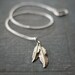 Tribal Silver Feather Necklace - Native Inspired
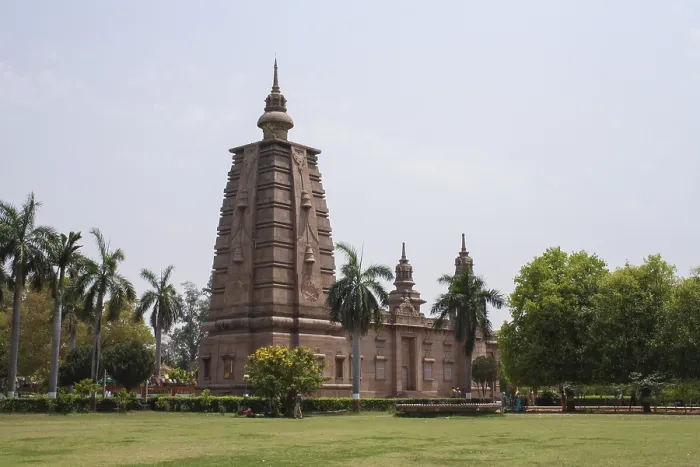 Framed Print : Sarnath, India, April 8, 2011: Historical buildings at Buddhist pilgrimage site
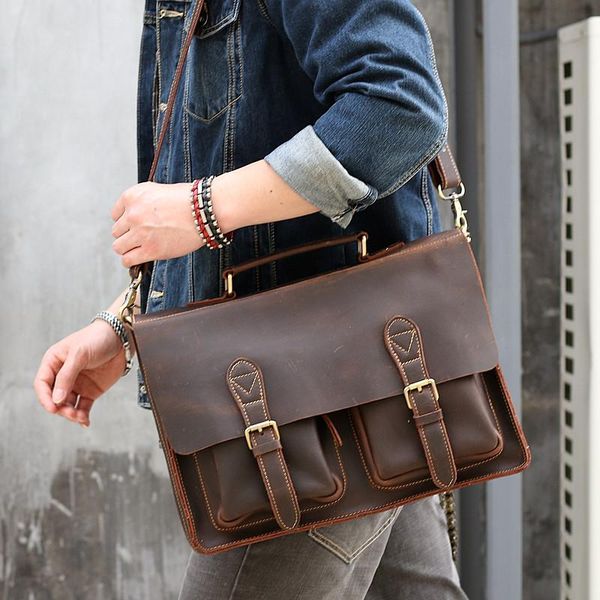 роскошные durable crazy horse кожа мужская сумка casual 14" ноутбук сумка vintage натуральная кожа портфель
роскошные durable crazy horse кожа мужская сумка casual 14" ноутбук сумка vintage натуральная кожа портфель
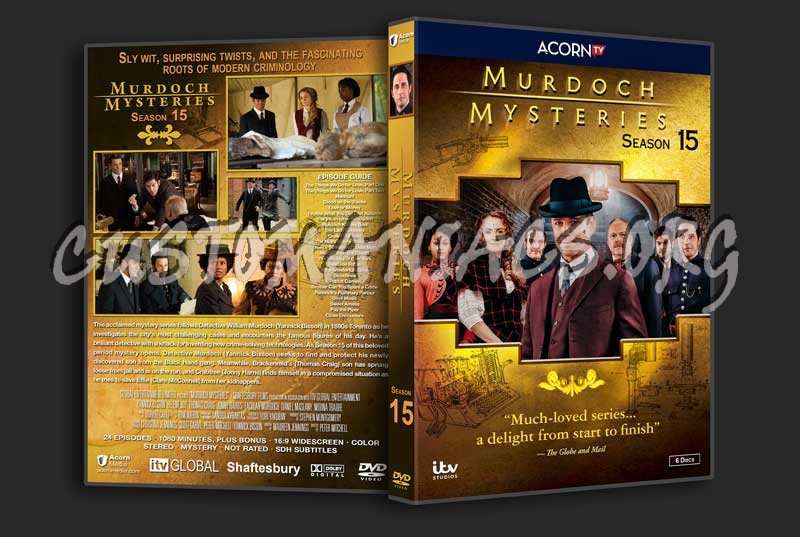 Murdoch Mysteries - Season 15 dvd cover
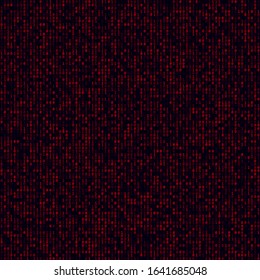 Abstract Technology Background. Red filled binary background. Big sized seamless pattern. Cool vector illustration.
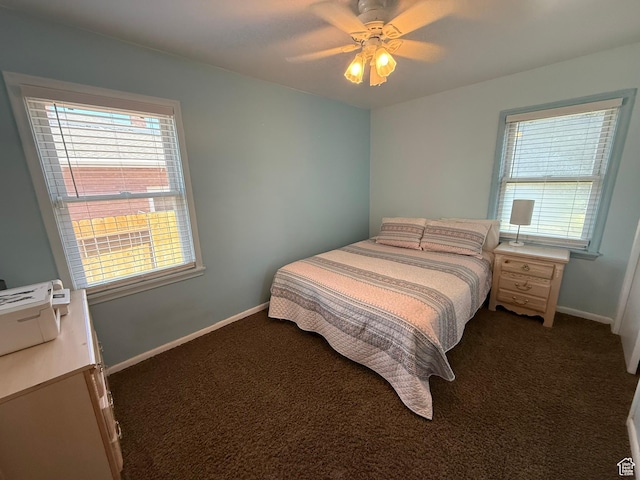 5140 S 2175 W, Roy, UT 84067 - carpeted bedroom featuring multiple windows and ceiling fan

▸ **WORK TASK**:
Only the wording of the records is wanted: copy it all exactly and omit the pictures.

▸ **SOLUTION FOR THIS PROBLEM**:
 Tribal Silver Feather Necklace - Native Inspired
 Framed Print : Sarnath, India, April 8, 2011: Historical buildings at Buddhist pilgrimage site
 роскошные durable crazy horse кожа мужская сумка casual 14" ноутбук сумка vintage натуральная кожа портфель
роскошные durable crazy horse кожа мужская сумка casual 14" ноутбук сумка vintage натуральная кожа портфель
 Murdoch Mysteries - Season 15 dvd cover
 Abstract Technology Background. Red filled binary background. Big sized seamless pattern. Cool vector illustration.
 5140 S 2175 W, Roy, UT 84067 - carpeted bedroom featuring multiple windows and ceiling fan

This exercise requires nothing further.